Task to complete: Would you please set down, word for word, the lines from the one with "Organize your jewelry" through the final line of the data below, omitting any pictures?

Available data:
== Segment start ==

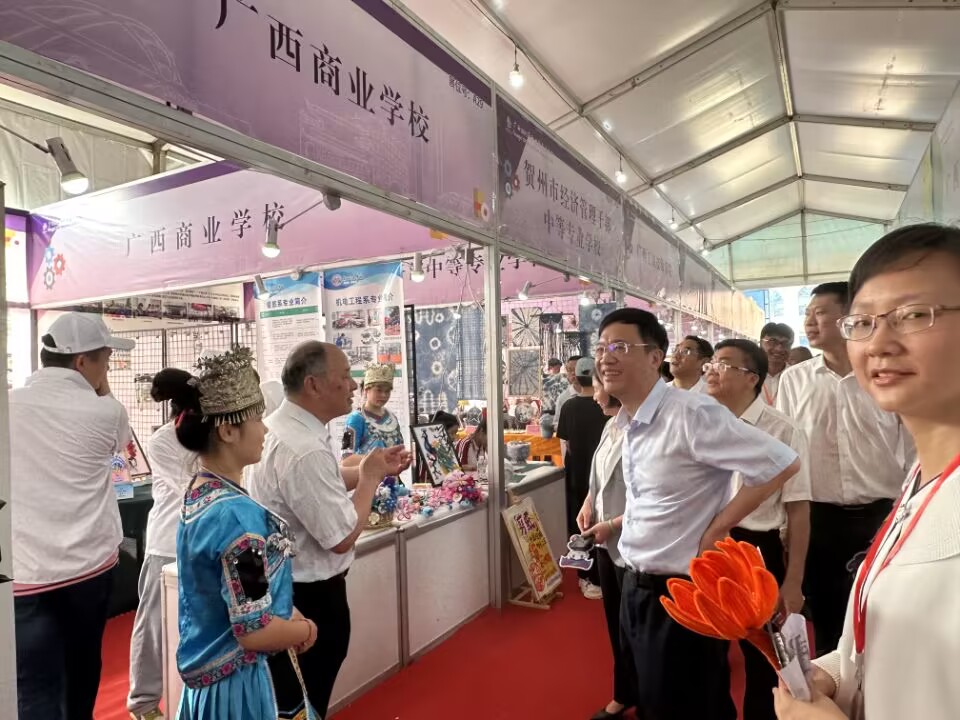 2.5月18日,学校党委书记覃炳忻(左三)率队参加在梧州举办的广西2023年职业教育活动周启动仪式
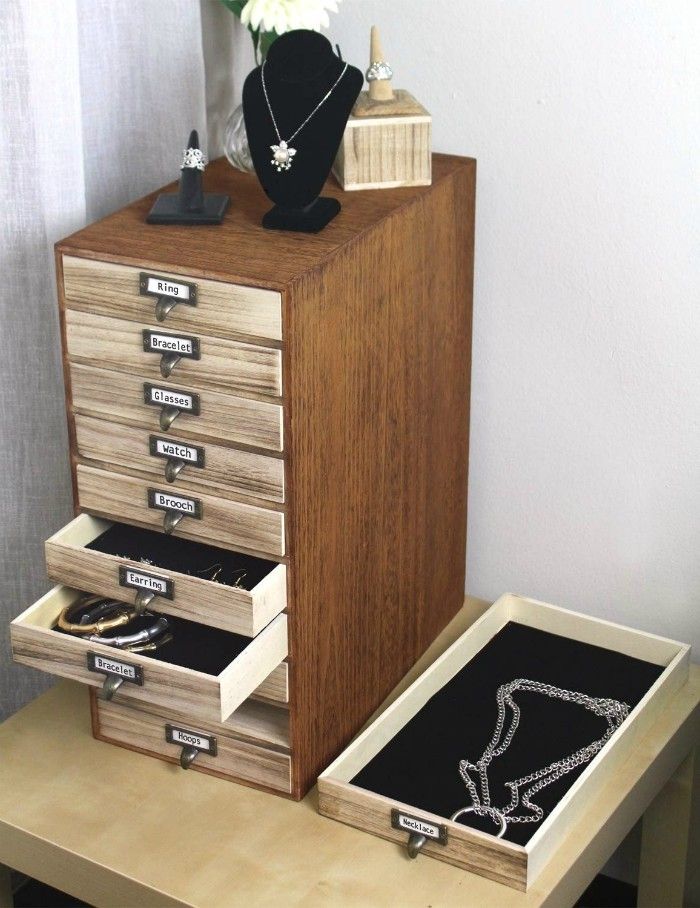 Organize your jewelry with these 20 stylish storage ideas - Living in a ...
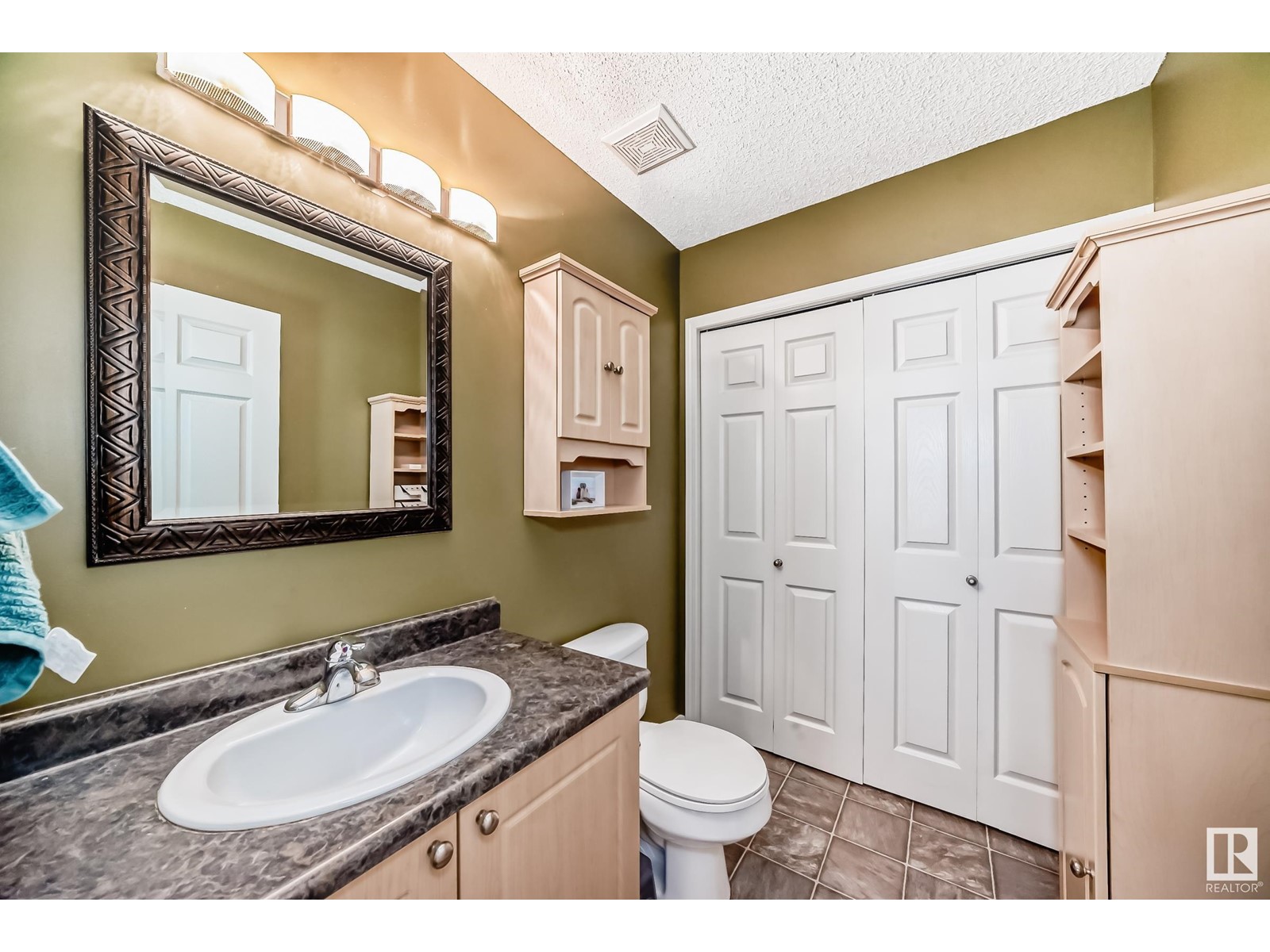 348 ASCOTT CR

== Segment end ==

Exercise result:
 Organize your jewelry with these 20 stylish storage ideas - Living in a ...
 348 ASCOTT CR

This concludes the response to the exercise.